● Data section
# # # # # # #

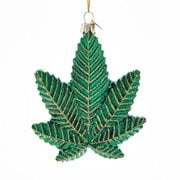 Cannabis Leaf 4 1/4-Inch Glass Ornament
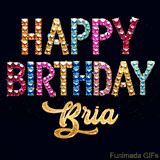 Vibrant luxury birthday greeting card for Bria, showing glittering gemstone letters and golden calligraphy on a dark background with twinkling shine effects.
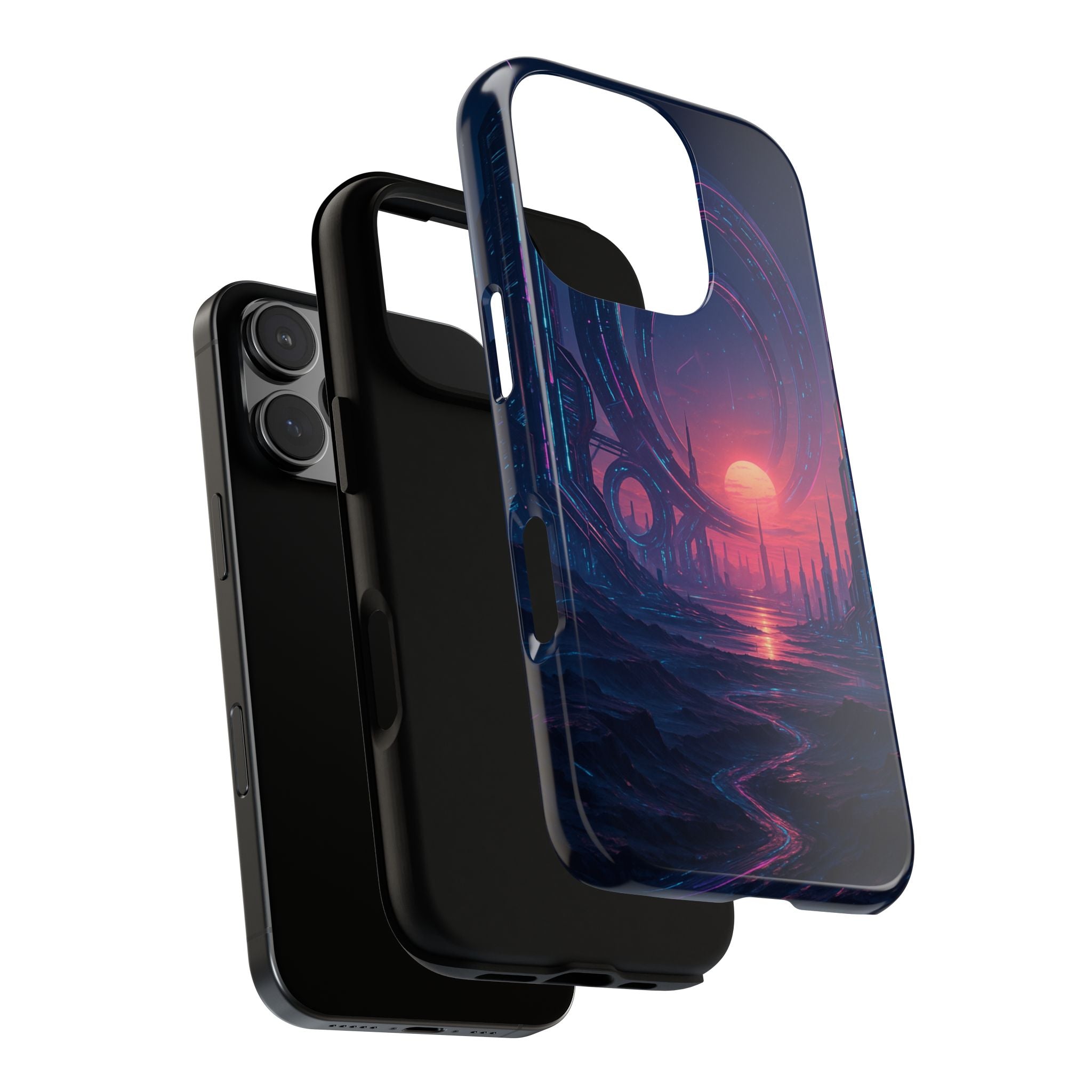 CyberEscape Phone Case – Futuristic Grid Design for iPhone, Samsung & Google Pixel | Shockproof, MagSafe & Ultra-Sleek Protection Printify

# # # # # # #

● Instructions for the task
Make an exact copy of the data above, pictures excluded.

● Response to the exercise
 Cannabis Leaf 4 1/4-Inch Glass Ornament
 Vibrant luxury birthday greeting card for Bria, showing glittering gemstone letters and golden calligraphy on a dark background with twinkling shine effects.
 CyberEscape Phone Case – Futuristic Grid Design for iPhone, Samsung & Google Pixel | Shockproof, MagSafe & Ultra-Sleek Protection Printify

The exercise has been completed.